WHAT TO WORK ON: Repeat exactly, and only, the lines below starting at the line that contains "Disney Korean Iconic" and ending at the line that contains "Aluminum box enclosures", inclusive of both.

MATERIAL PROVIDED:
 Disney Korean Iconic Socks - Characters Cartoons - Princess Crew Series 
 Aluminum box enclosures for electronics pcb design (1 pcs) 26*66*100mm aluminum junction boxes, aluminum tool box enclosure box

* * *

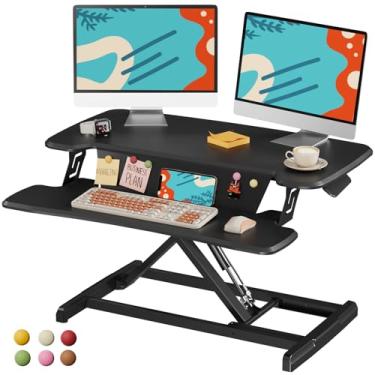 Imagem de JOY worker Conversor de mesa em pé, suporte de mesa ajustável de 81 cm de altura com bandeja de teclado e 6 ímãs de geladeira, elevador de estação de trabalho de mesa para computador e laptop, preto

ANSWER AREA:
 Disney Korean Iconic Socks - Characters Cartoons - Princess Crew Series 
 Aluminum box enclosures for electronics pcb design (1 pcs) 26*66*100mm aluminum junction boxes, aluminum tool box enclosure box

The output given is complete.